В клубе устраивались вернисажи. В апреле 1883 года здесь открылась выставка картин В. В. Верещагина. Газеты уделили этому событию много внимания, не забывая в каждом из отчетов отметить, что выставка проходит при электрическом свете — факт и для нас весьма интересный...

При открытии выставки произошел эпизод, который рисует нравы тогдашней Москвы. По своему обыкновению Василий Васильевич Верещагин назначил за вход на выставку весьма умеренную плату — чтобы могли побывать здесь люди разного достатка. Он с гордостью писал в те дни писателю Д. В. Григоровичу, что пришел посмотреть его картины народ «преимущественно мастеровой, на выставки обыкновенно не ходящий, что мне лестно». Но дешевой входной платой осталась недовольна аристократическая публика: она решила бойкотировать выставку... («Кажется, здесь озлились на мою цену — 5 копеек,— пишет Верещагин В. В. Стасову.— Долгоруков хотел приехать, назначил время и не приехал, когда стала известна эта обидная цена; конечно, его уверили, что тут кроется пропаганда и прочее — черт бы побрал всех идиотов и мудрецов»).

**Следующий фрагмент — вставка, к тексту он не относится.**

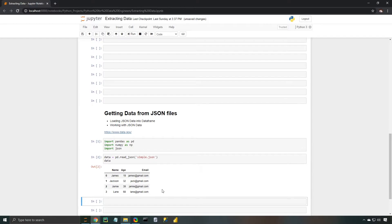Now since this was a very simple example, we're going to need to go into a little bit more depth because JSON isn't always that cleanly put together. Oftentimes there are nested key value pairs within a value section, and so we're going to take a look at that in our next example.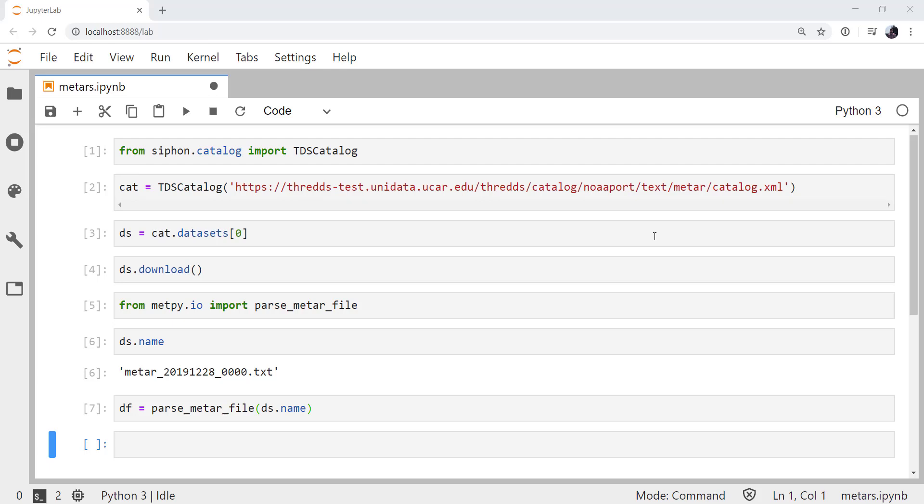This week we'll take the METAR data that we parsed last week and get it onto a surface observation plot with wind barbs, temperature, and dew point displayed, all using MetPy's declarative interface. Welcome to another MetPy Monday.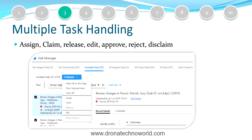The third feature in 10.4 is working with multiple tasks. In earlier versions, a user could only work on one task at a time — for example, rejecting multiple tasks at once was not possible. In 10.4 onward, you can perform multiple operations on multiple tasks at a time. For example, you can bulk-assign tasks to a particular user. The supported operations include assigning, claiming, releasing, editing, approving, rejecting, and disclaiming tasks. In the screenshot you can see a checkbox on the left-hand side which you can select, and then take actions like assign, claim, release, etc.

Увы, не только простонародный пятачок шокировал московского генерал-губернатора. О «пропаганде и прочем» был верный слух из Петербурга: рассказывали, что, изволив обозреть в 1879 году полотна, привезенные художником с театра военных действий на Балканах, наследник престола, будущий император Александр III пришел в большое негодование и счел автора революционером и сумасшедшим.

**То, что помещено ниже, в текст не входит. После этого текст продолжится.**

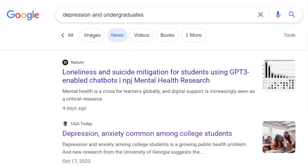Popular sources are often found by searching Google. The news, social media, and most of the websites you find will fall into the category of popular sources. These sources of information are for a general audience or for the general population, hence the name popular source.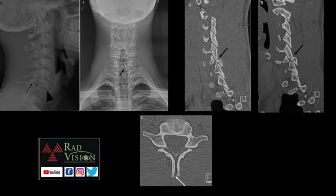This lateral radiograph of the cervical spine shows Grade 1 anterolisthesis of C6 over C7, with a vertical radiolucent defect in the pars interarticularis of C6. On the AP view, spina bifida is noted at C6. Sagittal reformatted images show sclerotic borders at the pars interarticularis defect, and axial images confirm spina bifida. These findings are suggestive of a congenital cause for spondylolisthesis.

Посвятивший все свое творчество батальным сюжетам, Верещагин никогда не прославлял жестокости и насилия, он видел в избранных им эпизодах прежде всего человеческую трагедию, боль и лишения. «Передо мною, как перед художником, война, и ее я бью, сколько у меня есть сил; сильны ли действительно мои удары — это другой вопрос, вопрос моего таланта, но я бью с размаху и без пощады»,— писал он в те годы П. М. Третьякову.

Официальная и верноподданническая пресса — «Современные известия», «Московский листок» — встретила выставку на Софийке враждебно. Но были и добрые отзывы. «Русские ведомости», «Гатцук» («Газета Гат-цука».— Авт.), еще кое-кто крепко похвалили»,— радостно сообщал художник Григоровичу. И в том же письме: «Выставка идет покамест недурно... каталогов покупают от 700 до 1000 экземпляров в день. Покупают на сто рублей фотографий и книжек...»

...В ночь с 10 на 11 января 1891 года сгорел Русский охотничий клуб, находившийся в доме на Тверской, угол Большого Гнездниковского.

Руководитель драматического отдела Общества искусства и литературы Константин Сергеевич Алексеев, уже известный московским театралам под сценической фамилией Станиславский, был в отчаянии: из-за пожара в клубе срывалась премьера новой пьесы Л. Н. Толстого «Плоды просвещения». Актеры — будущая труппа Художественного театра: Мария Лилина, Александр Санин, Александр Артём, Владимир Лужский... Сам Станиславский разучивал роль Звездинцева. На роль Бетси пригласили дочь известного певца Федора Петровича Комиссаржевского — Веру. Она не без трепета согласилась, но поставила условие: только под псевдонимом. Псевдоним выбрала не очень звучный, чтобы не был у публики на слуху — Комина.

Газета «Новости дня» сообщала своим читателям: «Любители Общества искусства и литературы готовят пьесу очень тщательно. У них уже было более 10 репетиций и столько же предстоит».

«Достоинство моей тогдашней работы заключалось в том, что я старался быть искренним и искал правды, а ложь, особенно театральную, ремесленную, изгонял»,— писал Станиславский в дневнике. И вот теперь все рушилось...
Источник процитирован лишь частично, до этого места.